Maintien du couvre-feu à Sidi Bouzid, tractations politiques à Tunis
Le couvre-feu a été maintenu pour une durée indéterminée à Sidi Bouzid malgré un retour à la normale samedi dans cette ville berceau de la révolution tunisienne après deux jours de violences populaires post-électorales.
A Tunis même, les vainqueurs de l’élection de la semaine dernière, les islamistes d’Ennahda, s’activaient à la mise en place d’un gouvernement d’union nationale avec leurs rivaux de gauche.
Des manifestations avaient débuté jeudi soir à Sidi Bouzid, après l’annonce de la large victoire d’Ennahda à l’élection de l’Assemblée constituante le 23 octobre et l’invalidation du succès de listes locales, dans cette ville du centre de la Tunisie, symbole du début du printemps arabe.
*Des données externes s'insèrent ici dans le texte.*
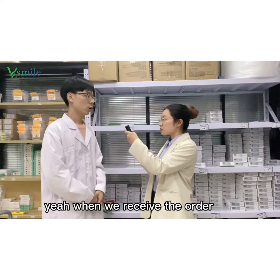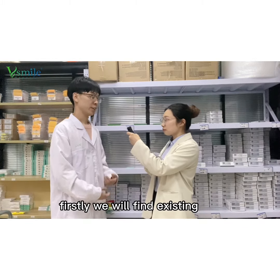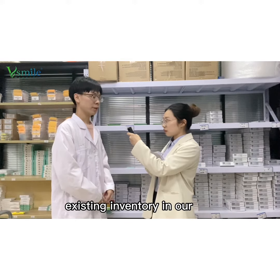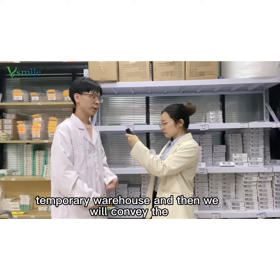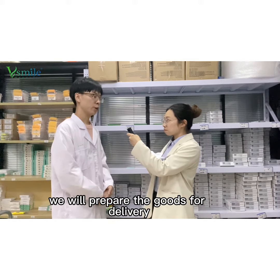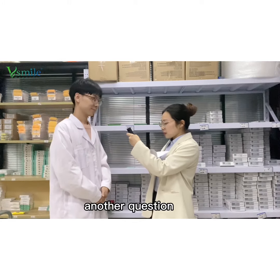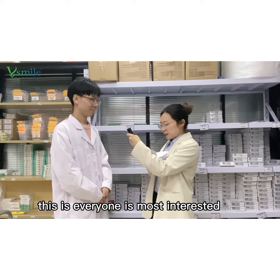David, I have some questions. What will you do after you receive the orders? When we receive the order, we get the goods as soon as possible. Firstly, we will find the existing inventory in our temporary warehouse, and then we will convey the missing parts to the factory, and the factory will prepare the goods for delivery.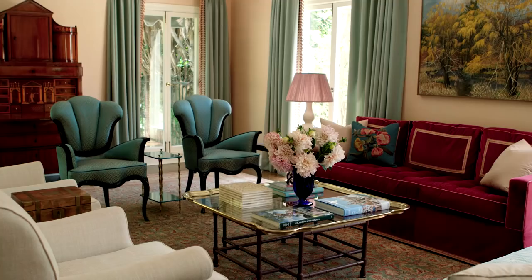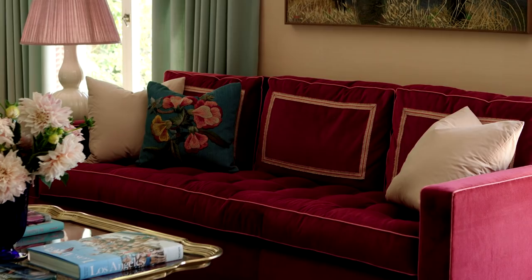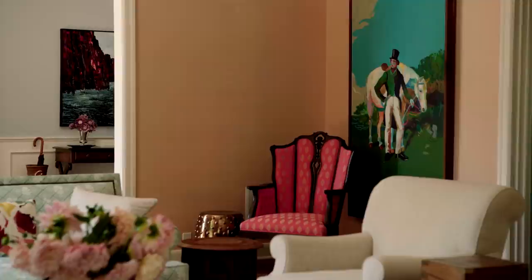One of my favorite features in my formal living room is the sofa. Katie actually designed this for me — it's custom, and I love it because it's such a fun color and it has piping, but it also seems very grown up.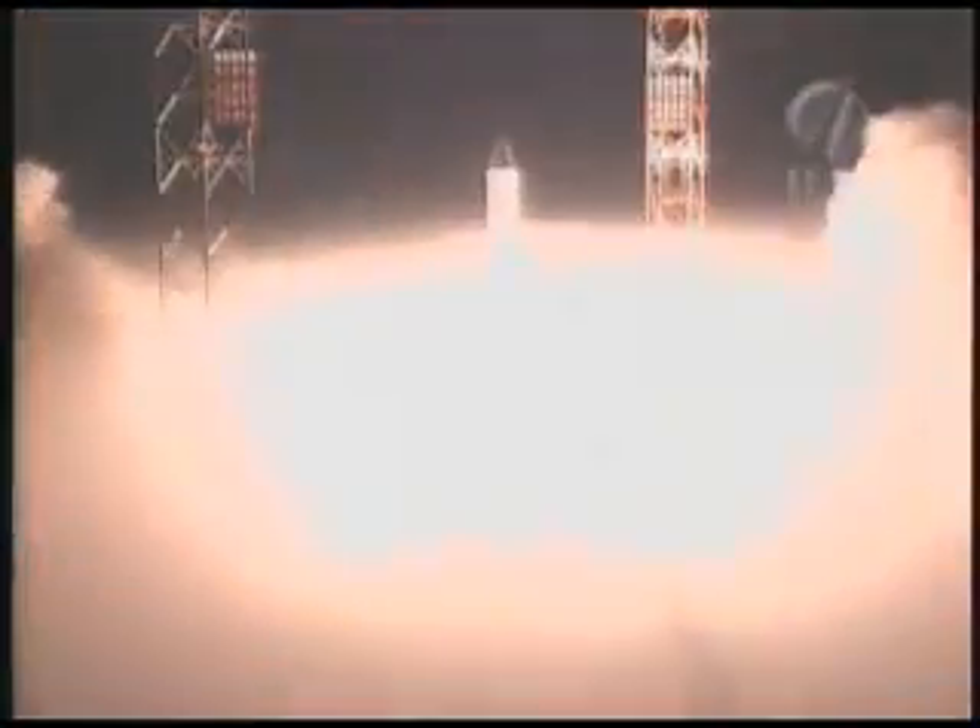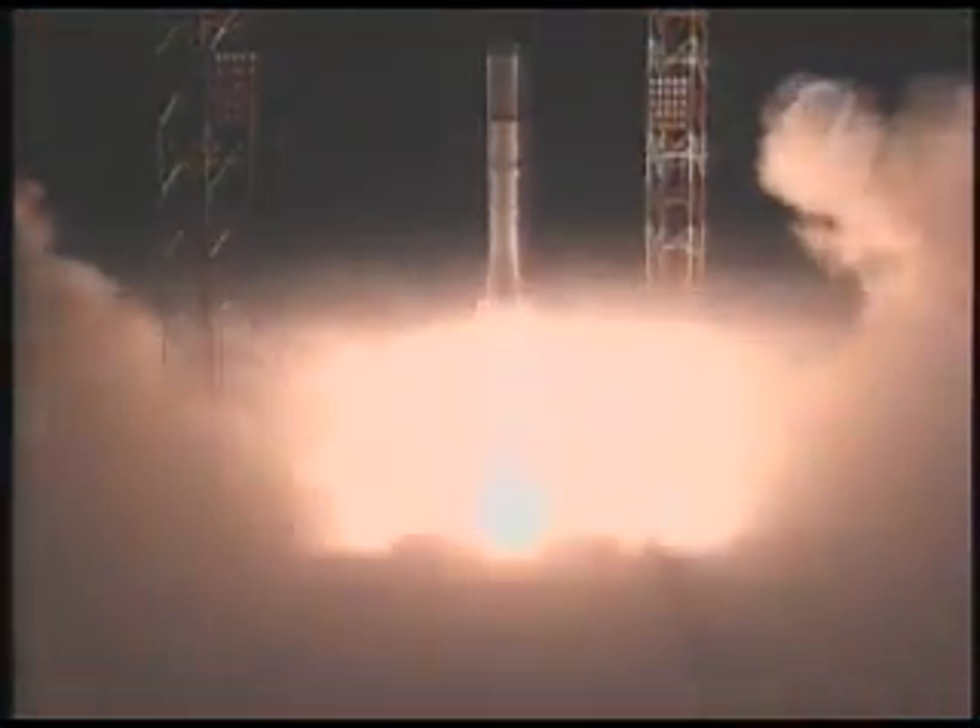We have liftoff of an ILS Proton rocket from the Baikonur Cosmodrome in Kazakhstan, carrying the Astro-1M communications satellite. At about 10 seconds after liftoff, the rocket did a roll maneuver and will soon experience maximum dynamic pressure, or Max-Q. Max-Q is the maximum aerodynamic load on the vehicle. It corresponds to about Mach 1.5 and occurs about 66 seconds after liftoff.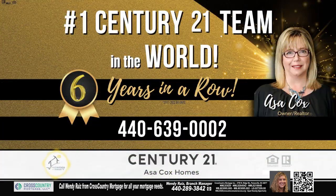For more details, contact the number one Century 21 team in the world by units, Asa Cox Homes.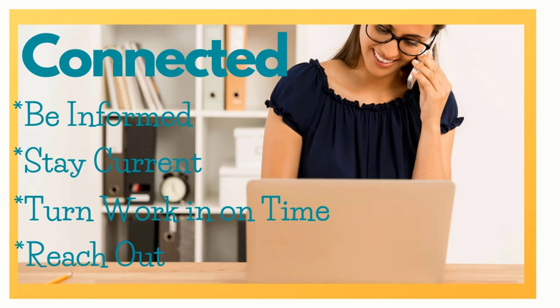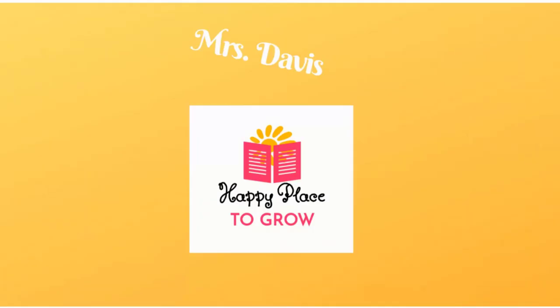Remember, the journey you're taking is not always easy, but it is well worth the effort. Follow these tips and your path will be much less stressful. Now take a breath — you've got this. Thanks for viewing.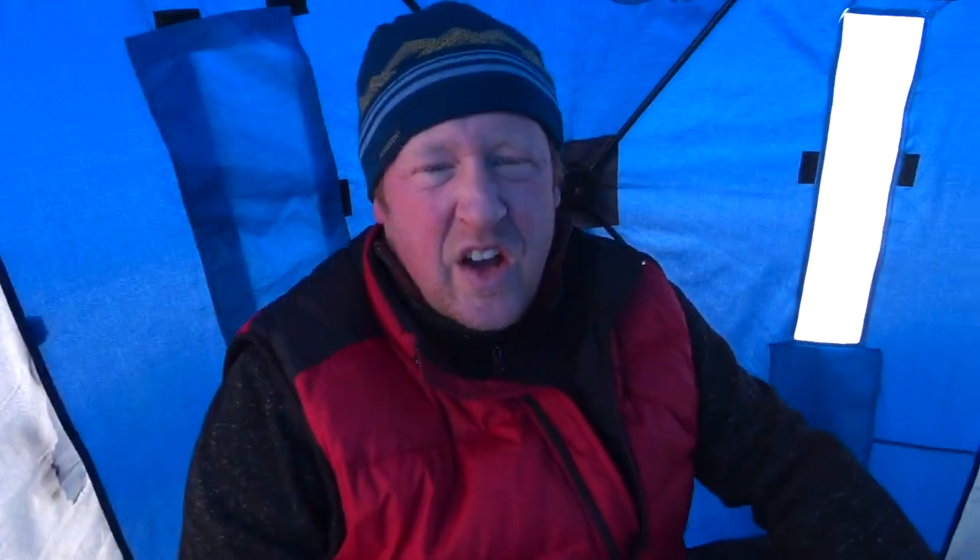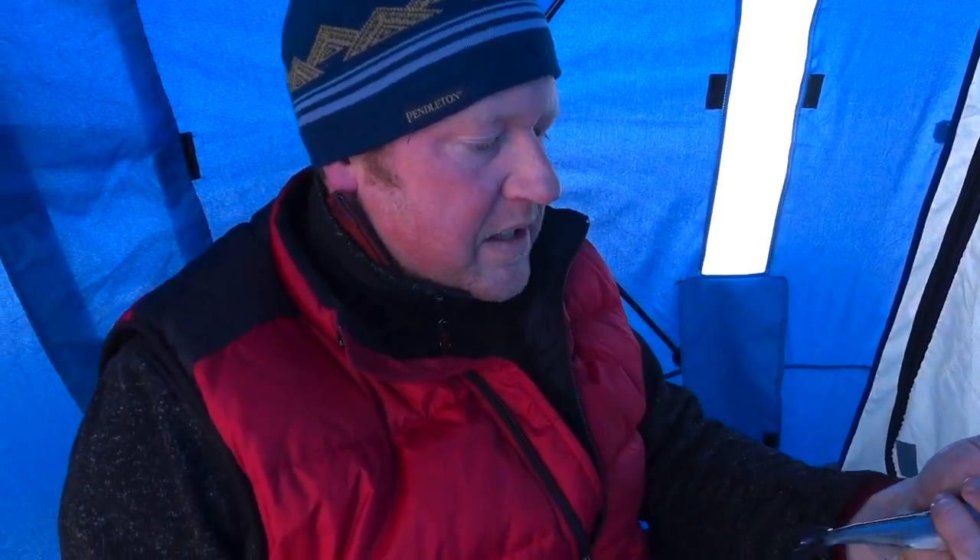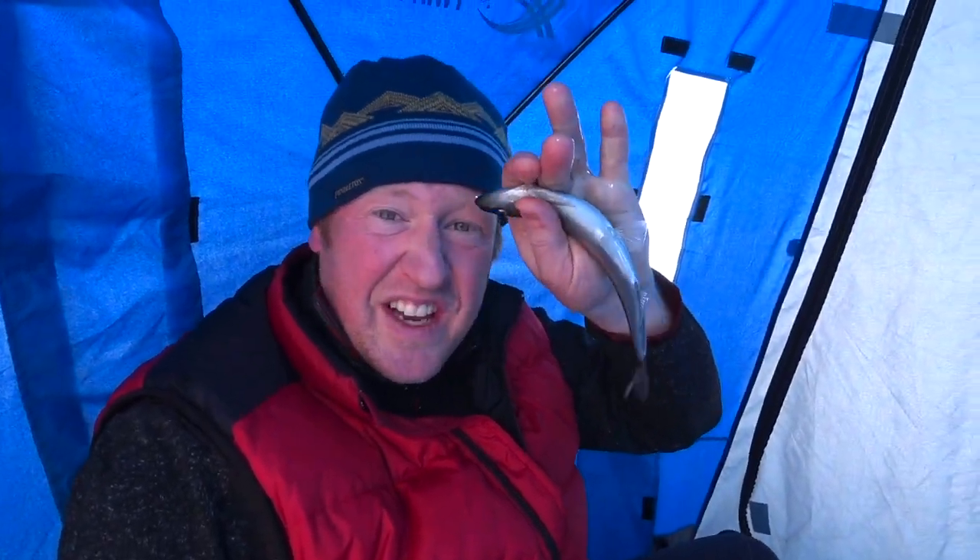This is actually getting worse — I've got a 4-inch perch here. Okay, I came here to catch trout, but I have to say this is really cool. I just iced my first smelt, and it's a good one. It smells so fresh — kind of fruity, like cucumbers or something. These are a good 8 inches long. That's a good smelt. That's awesome.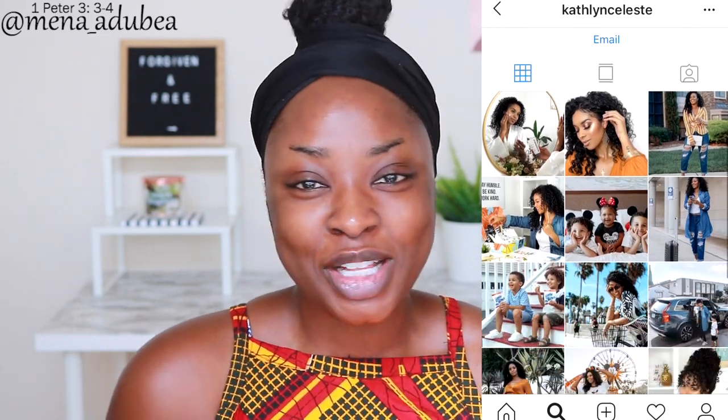Hey girl, welcome back to my channel! Today I'm gonna be reviewing the ELF Modern Metals collection that was in collaboration with a few influencers, one of which is my girl Kathleen Celeste. I don't even know her but I just know her from Instagram — I feel like we're friends but I've never seen her a day in my life. She's just wicked chill. I got this collection in the mail and I'm so excited to try it out.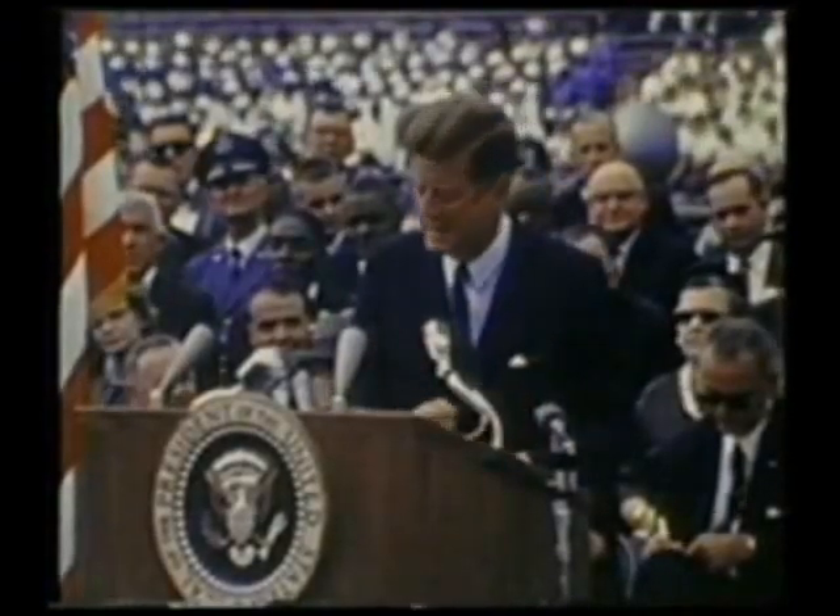We choose to go to the moon in this decade and do the other things, not because they are easy, but because they are hard.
C’est là que la mort d’un vendeur ambulant, en décembre 2010, avait provoqué l’insurrection qui fit chuter contre un mois plus tard le régime du président Zine El Abidine Ben Ali.
Plusieurs milliers de contestataires y ont attaqué des bâtiments administratifs –dont le gouvernorat, le tribunal et le siège d’Ennahda–, s’y livrant, selon un corresponsant de l’AFP, à des pillages et déprédations.
Le grand marché hebdomadaire était ouvert et les habitants de la ville et de la région s’y pressaient. Des équipes d’hommes, dont des militaires, procédaient au nettoyage des édifices vandalisés alors que les terrasses des cafés se remplissaient de monde.
Quelques blindés stationnaient cependant encore aux abords du commissariat et du gouvernorat tandis que les lycées et collèges sont demeurés fermés.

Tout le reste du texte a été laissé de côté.